WHAT THIS TASK INVOLVES
Though the entries hold pictures, only their text should be duplicated, exactly and in full.

GIVEN ENTRIES
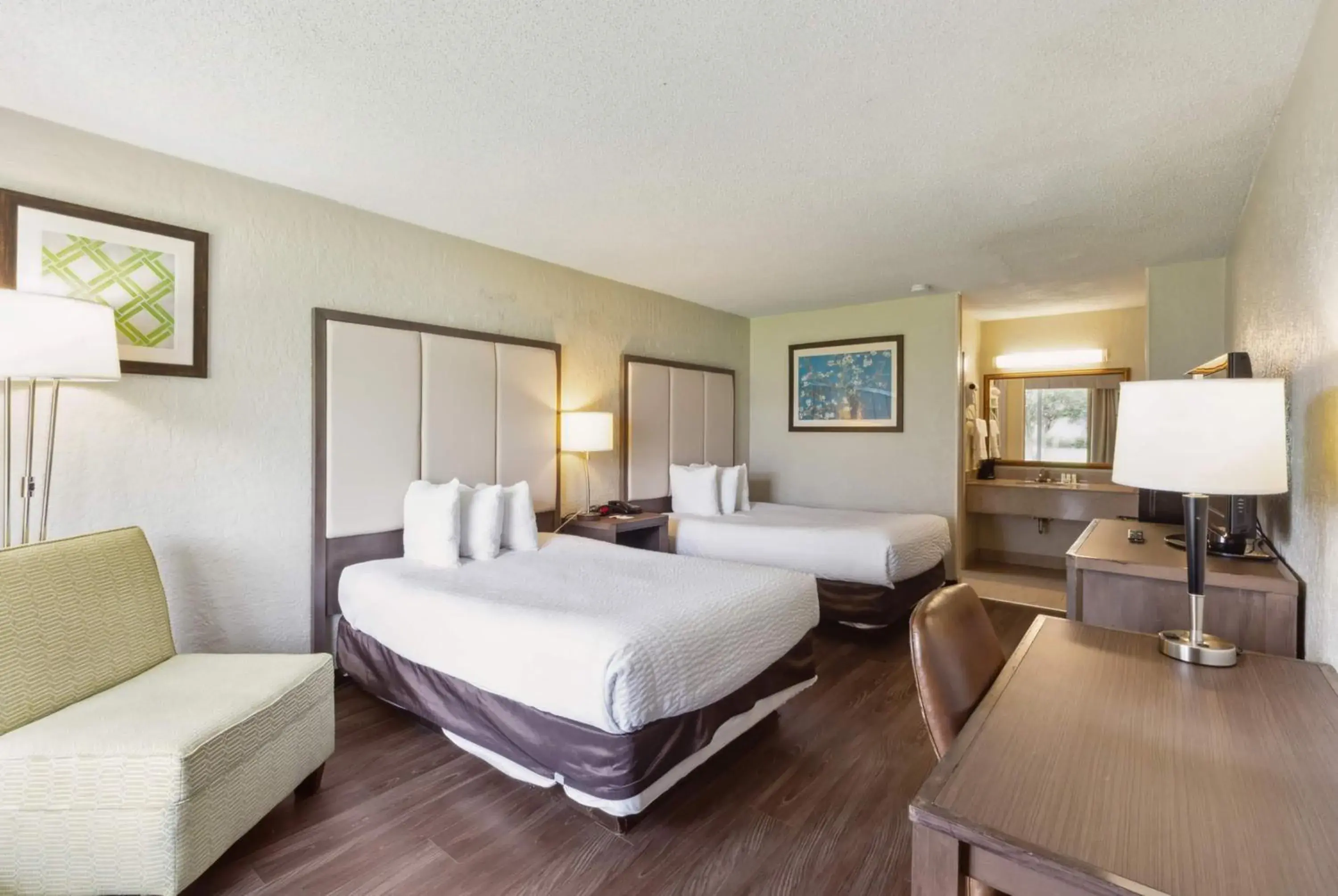Photo of the whole room, Bed in Ramada by Wyndham Houma Photo of the whole room, Bed in Ramada by Wyndham Houma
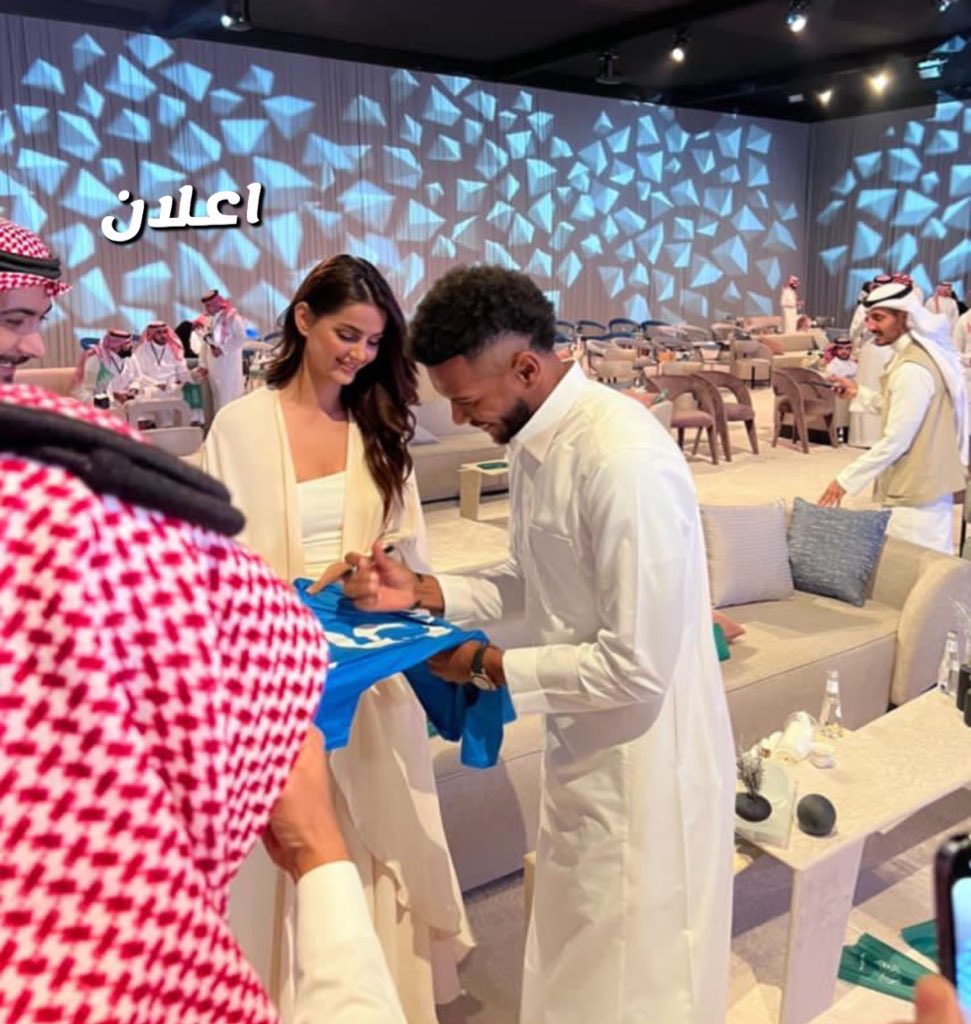 puierq's tweet photo. البليهي حاضر أيفينت ابراهيم القرشي ، يهدي مهلاقا تيشيرت عليه توقعيه احترت ياحظه هو ولا ياحظها هي 
 #البليهي_مع_ابراهيم_القرشي https://t.co/cy81bdkZWn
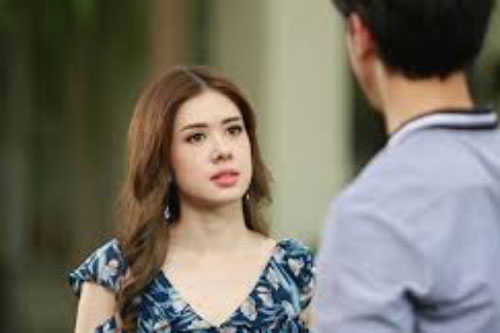 Mở tiệc tân gia, chồng không mời bố mẹ vợ vì khinh nghèo "chẳng giúp được gì", song giỏ quà đến muộn lại khiến gã méo mặt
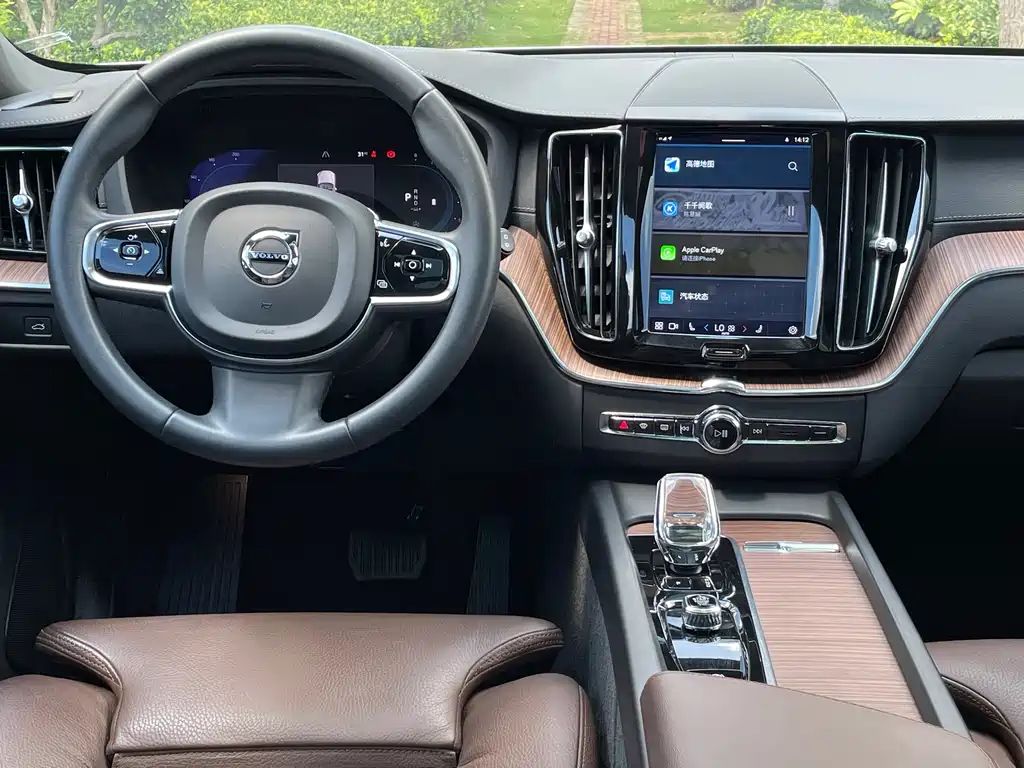 Volvo XC60 2022 — фото 25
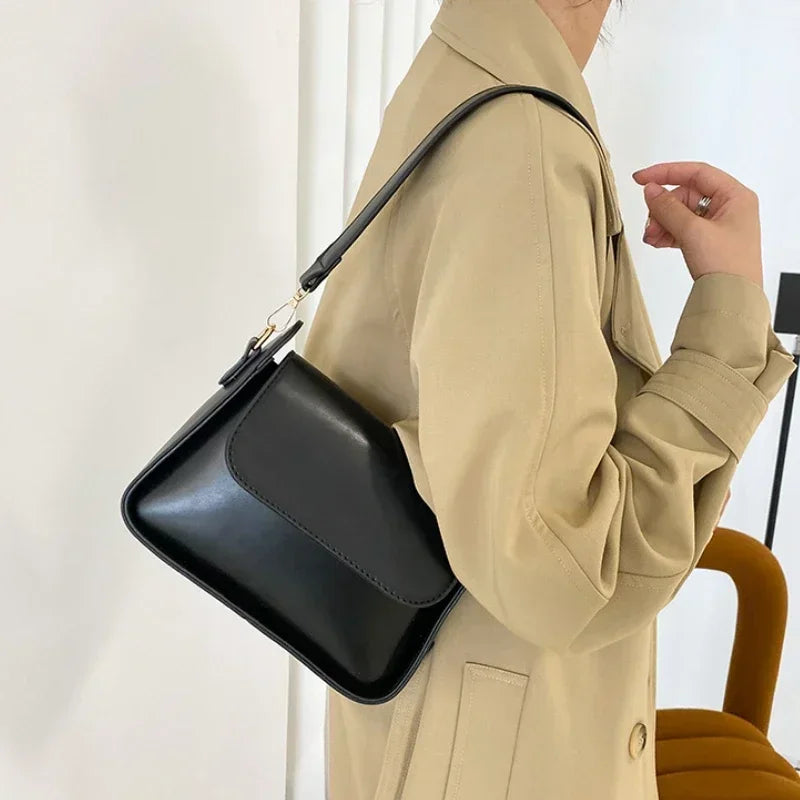 Schoudertas Dames - Crossbody met Flap en Gouden Details | Chique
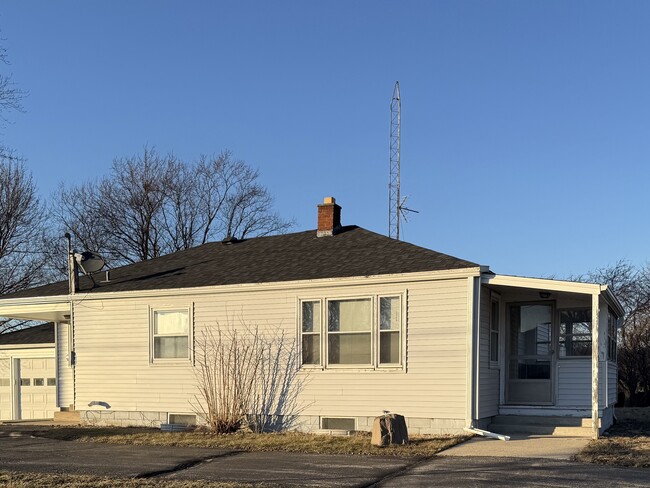 1398 N Rd, Unit North Rd in Burlington, WI - Foto de edificio - Building Photo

ANSWER BOX
Photo of the whole room, Bed in Ramada by Wyndham Houma Photo of the whole room, Bed in Ramada by Wyndham Houma
 puierq's tweet photo. البليهي حاضر أيفينت ابراهيم القرشي ، يهدي مهلاقا تيشيرت عليه توقعيه احترت ياحظه هو ولا ياحظها هي 
 #البليهي_مع_ابراهيم_القرشي https://t.co/cy81bdkZWn
 Mở tiệc tân gia, chồng không mời bố mẹ vợ vì khinh nghèo "chẳng giúp được gì", song giỏ quà đến muộn lại khiến gã méo mặt
 Volvo XC60 2022 — фото 25
 Schoudertas Dames - Crossbody met Flap en Gouden Details | Chique
 1398 N Rd, Unit North Rd in Burlington, WI - Foto de edificio - Building Photo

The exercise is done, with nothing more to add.